Extracted records Block Start
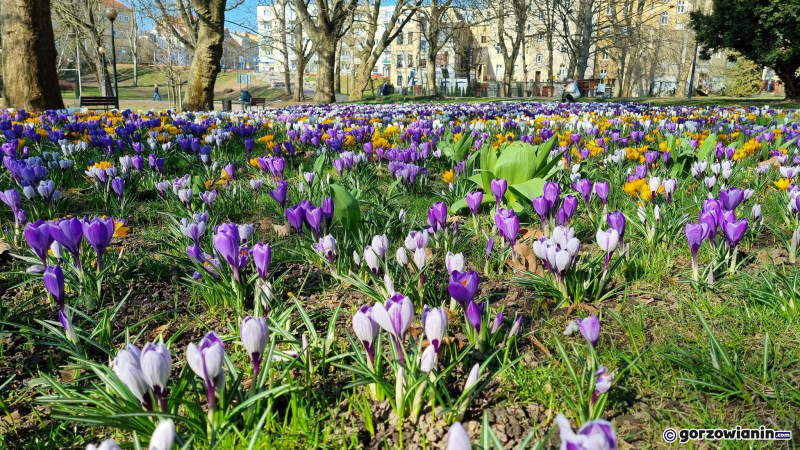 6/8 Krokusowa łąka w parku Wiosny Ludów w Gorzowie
Extracted records Block End
Extracted records Block Start
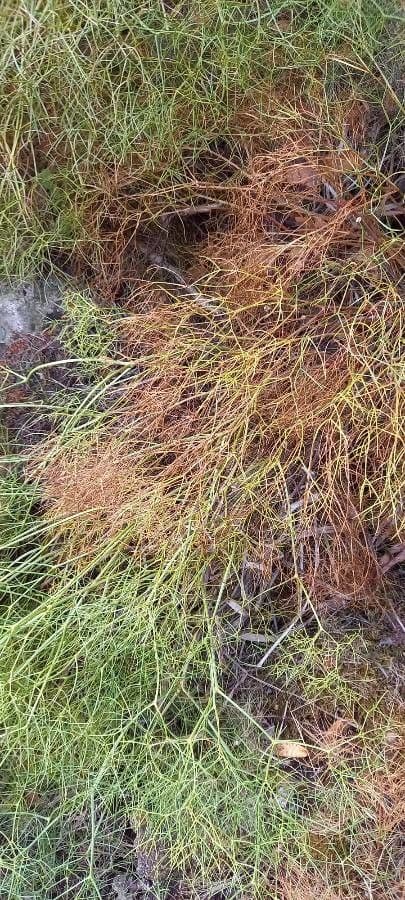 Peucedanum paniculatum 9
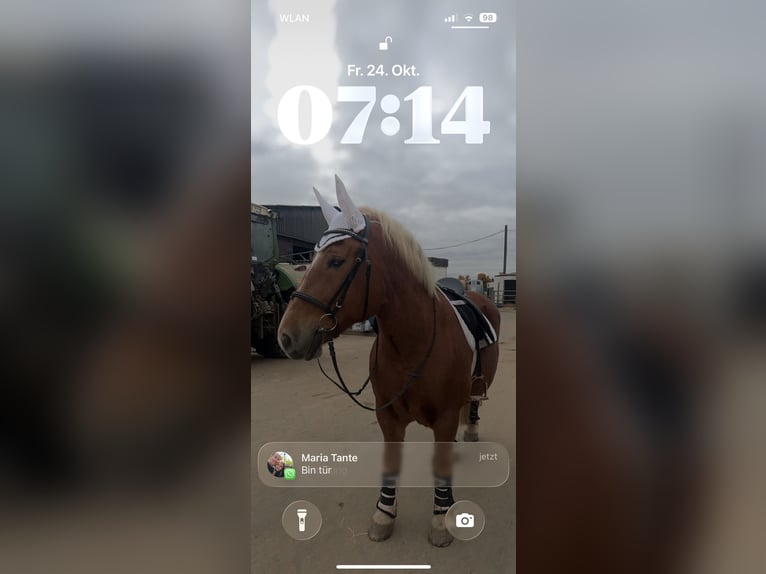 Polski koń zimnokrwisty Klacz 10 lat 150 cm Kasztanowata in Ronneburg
Extracted records Block End
▸ Work required
Everything above from the line with "Peucedanum paniculatum 9" through the line with "Polski koń zimnokrwisty" should be retyped exactly, and nothing else; omit pictures.

▸ Response
 Peucedanum paniculatum 9
 Polski koń zimnokrwisty Klacz 10 lat 150 cm Kasztanowata in Ronneburg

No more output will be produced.